O polêmico traje não deverá ser estrela entre os 434 nadadores que disputarão a partir desta terça-feira o Troféu Maria Lenk-2008, última seletiva brasileira para os Jogos Olímpicos, no Rio de Janeiro, mas o maiô será o uniforme oficial da delegação brasileira de natação em Pequim.
Veja vídeo com entrevista de nadadores brasileiros
Das 19 melhores marcas mundiais obtidas em 2008 em piscina olímpica (de 50 m), 18 foram conquistadas por atletas que vestiam o LZR, que teoricamente melhora a flutuabilidade dos nadadores que o utilizam.

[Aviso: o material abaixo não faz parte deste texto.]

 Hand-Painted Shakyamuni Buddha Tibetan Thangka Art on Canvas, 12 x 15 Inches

Apesar de admitir que o maiô pode ajudar na obtenção de bons resultados, o técnico da seleção brasileira Alberto Silva, conhecido como Albertinho, considera que a maior parte do efeito do LZR é psicológico e que os atletas que o utilizam se favorecem da aura de "supertraje" criada pelos recordes.

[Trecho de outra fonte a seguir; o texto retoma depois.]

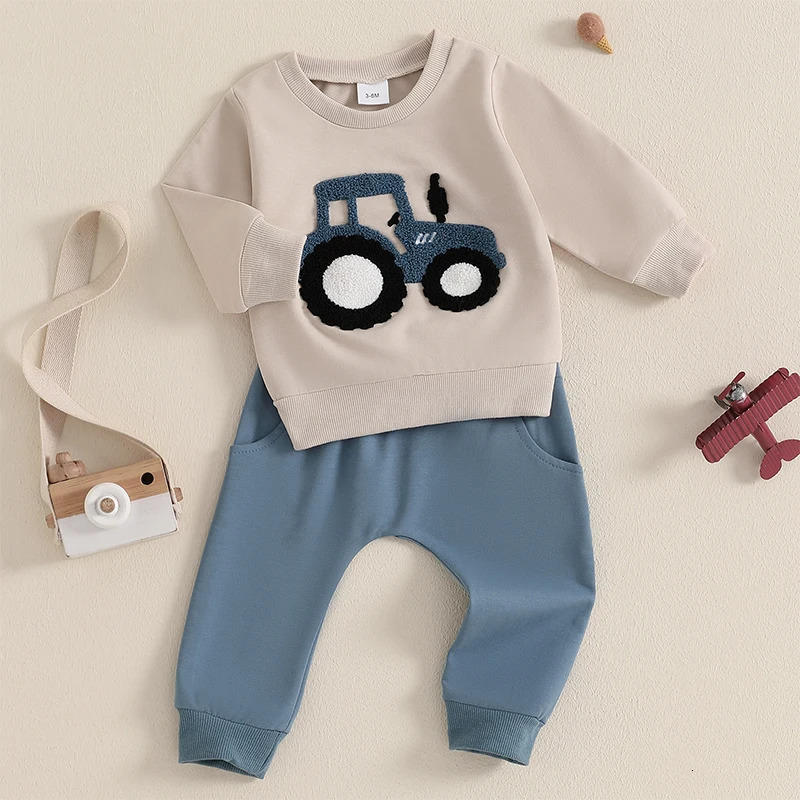 Citgeett Autumn Toddler Boy Outfits Embroidery Long Sleeve Sweatshirt Solid Pants Set Spring Fall Clothes 250724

"Não dá para a gente achar o efeito natural pelo volume de recordes quebrados. A evolução está aí. O maiô foi um incentivo a mais, ele deu um toque especial, que acabou virando muito mais um resultado psicológico. O LZR serve como doping psicológico. O cara coloca o maiô achando que vai arrebentar e, por acreditarem nisso, alguns arrebentam mesmo", afirmou.
O traje polêmico, que chegou a ser vetado nas seletivas olímpicas de alguns países para não "desequilibrar" as competições.
Alguns atletas brasileiros já tiveram a primeira experiência com o maiô e deram opiniões diferentes sobre o assunto.
"Eu acredito que o traje tem ajudado, porque no ano da última Olimpíada [2004] não tivemos tantos recordes sendo quebrados como está acontecendo esse ano. Eu tive a oportunidade de usar o LZR e consegui baixar quase um segundo e meio da minha melhor marca. Então, deve fazer alguma diferença sim", disse Lucas Salatta, que tem índice nos 200 m costas.
"Ele é melhor do que os outros, mas você não sente tanta diferença quando está nadando. Quando você chega e vê seu tempo bom e acaba colocando o mérito no o LZR. Mas isso vem do trabalho que você está fazendo, e não da roupa", retrucou Guilherme Guido, dos 100 m costas.
Críticas
Apesar de toda a euforia causada pelos recordes batidos neste início de temporada, o LZR não é unanimidade entre os atletas. Aos poucos, as críticas com relação a ele vão aparecendo.
A australiana Leisel Jones, campeã olímpica e mundial, reclamou da durabilidade do maiô. Segundo ela, o traje perde em aderência e em velocidade conforme é utilizado.
Outra crítica que tem se tornado popular diz respeito à "preferência" do maiô por provas de curta distância. Dos 18 recordes em piscina longa, 15 foram batidos em competições de 50 m ou 100 m.
"O LZR dá um ganho na velocidade, mas não melhora a resistência dos atletas. Se os nadadores passam os primeiros 100 metros muito forte, eles vão se cansar no resto da prova e o desempenho final não vai melhorar", explicou o treinador da seleção.